Hardware synchronization ensures that multiple sensors (LiDAR, cameras) capture data at precisely the same instant, controlled by an external trigger signal rather than each sensor’s internal clock. This is critical for sensor fusion algorithms like FAST-LIVO2, where even a few milliseconds of misalignment between LiDAR scans and camera frames can cause point cloud registration errors, visual artifacting, and degraded SLAM performance. A hardware synchronizer sends trigger pulses to all sensors simultaneously, and the drivers inject consistent timestamps into the message headers — achieving the sub-millisecond alignment shown in the STAMP results above.
2. What’s the difference between TTL and RS232 trigger signals?
TTL (Transistor-Transistor Logic) signals are simple digital pulses (0V/3.3V or 0V/5V) — most common for short-range trigger connections. The Livox Mid-360 uses TTL triggering. RS232 is a serial communication standard using higher voltage levels (±12V) and is used for sensors that require serial communication for synchronization (like some older LiDAR models). The synchronizer in this article supports both types — you select the appropriate mode via the Switcher. Aomway’s integration team can help identify which signal type your specific sensor requires.
3. Why does STAMP show perfect 0ms alignment but BAGTIME shows ~2ms offset?
This is the key insight from the synchronization verification. STAMP uses header.stamp — the timestamp injected by the driver when the sensor data arrives. Since the hardware synchronizer triggers all sensors simultaneously and the driver writes the same timestamp, STAMP shows perfect alignment. BAGTIME uses the rosbag record time — when the message actually arrives at the recorder through the ROS publish/subscribe pipeline. The ~2ms offset reflects processing and transport latency in the ROS middleware: driver processing time, message serialization, topic publishing, and bag write scheduling. This is normal and expected — it’s not a synchronization error but a measurement pipeline artifact.
4. Can I use different camera models in the same synchronized setup?
Yes, as demonstrated in this article — the synchronizer can trigger different camera models simultaneously. The key requirement is that all cameras support external trigger mode and are configured to use it. The two combinations shown (two MV-CU013-A0UC units, or one MV-CB016-10UC-S + one MV-CB016-10GC-S-W) both work correctly. When mixing USB and GigE cameras, be aware that internal processing latencies may differ slightly between models, but the hardware trigger ensures capture timing alignment. The driver’s time alignment feature handles timestamp consistency. Aomway has verified multiple camera combinations for FAST-LIVO2 and similar multi-sensor fusion applications.

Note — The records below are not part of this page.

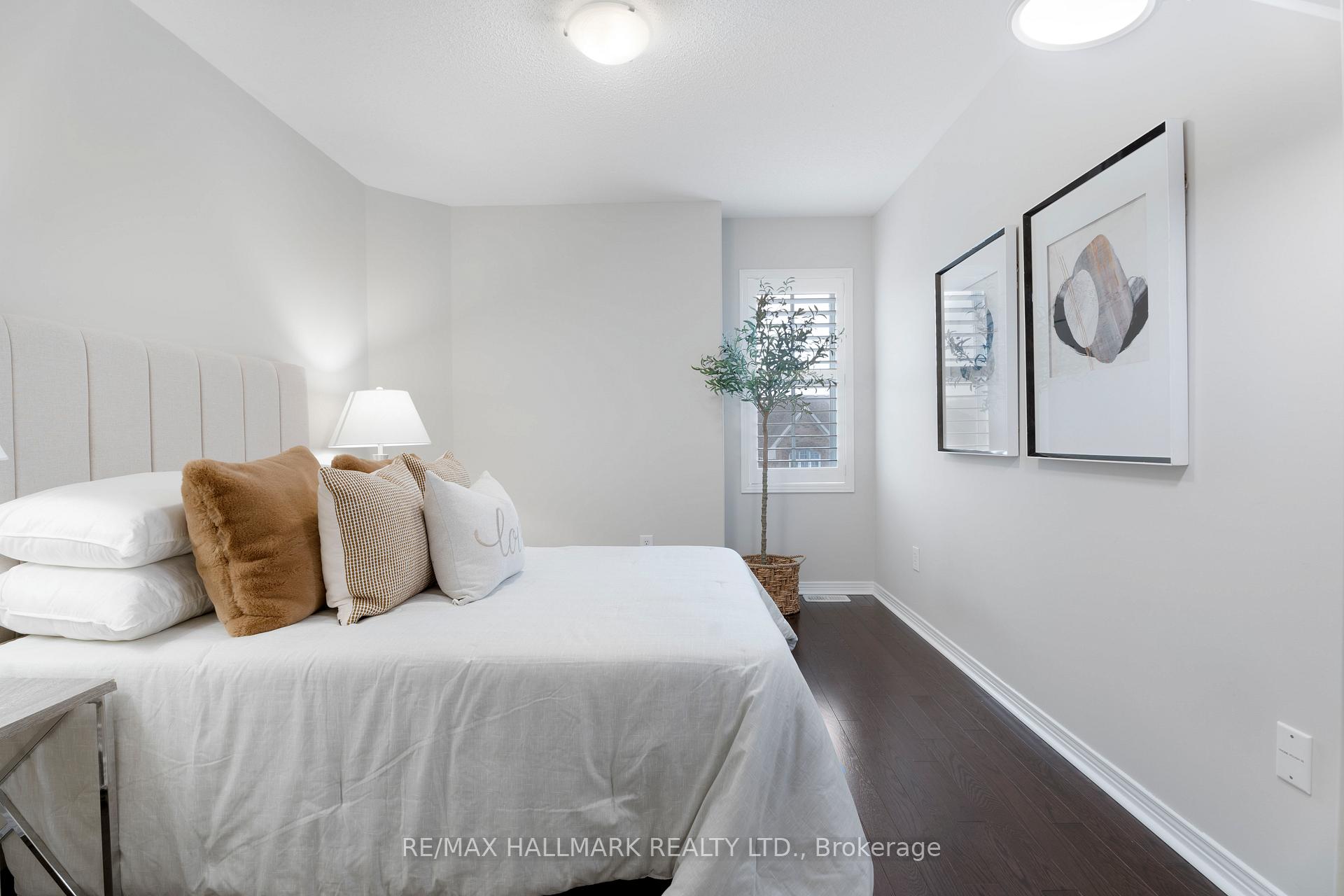 Photo 31 of 43 Walter Scott Crescent, Markham, Victoria Square — HOMEH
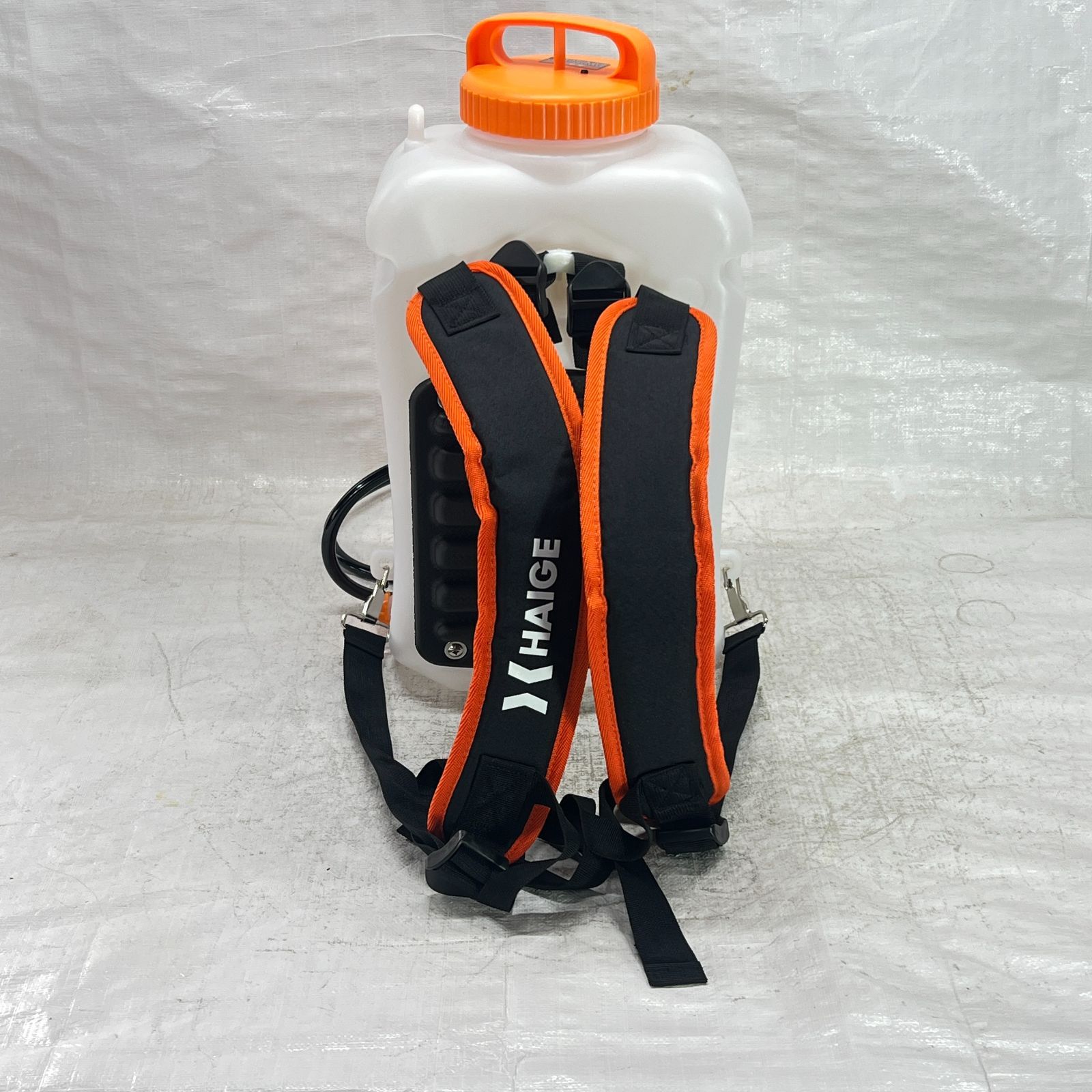 ヘリテイジクロスオーバードーム ベンチレーター用モスキートネット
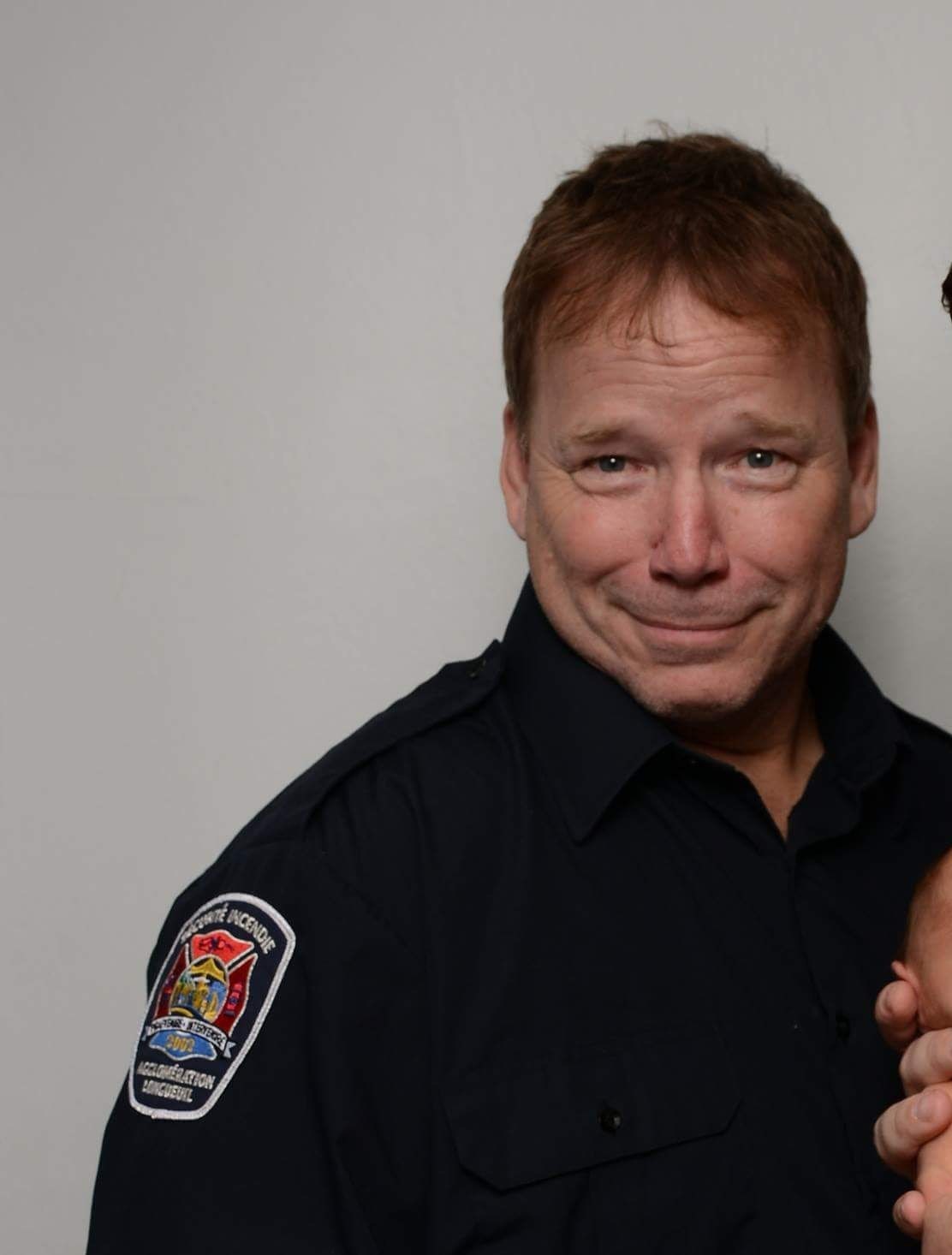 Avis de décès de Marc Perrin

5. How do I change the trigger frequency from the default 10Hz?
Connect the synchronizer’s debug cable to your computer, open a serial terminal (like the Serial Assistant shown in the article), and send the command $SETCAMFPS,X where X is the desired frequency in Hz. The synchronizer will return a confirmation message. After setting, restart the synchronizer for the new frequency to take effect. You can verify the current setting by sending $GETCAMFPS. Note that the maximum trigger frequency is limited by the slowest sensor in your setup — if your camera’s maximum frame rate is 30fps, setting the synchronizer to 40Hz won’t produce valid frames for every trigger. Always check sensor specifications and verify actual output frame rates in the MVS client.
Need help with multi-sensor synchronization, FAST-LIVO2 setup, or LiDAR-camera calibration? Aomway provides hardware integration, driver configuration, and synchronization verification services. Contact us at [email protected].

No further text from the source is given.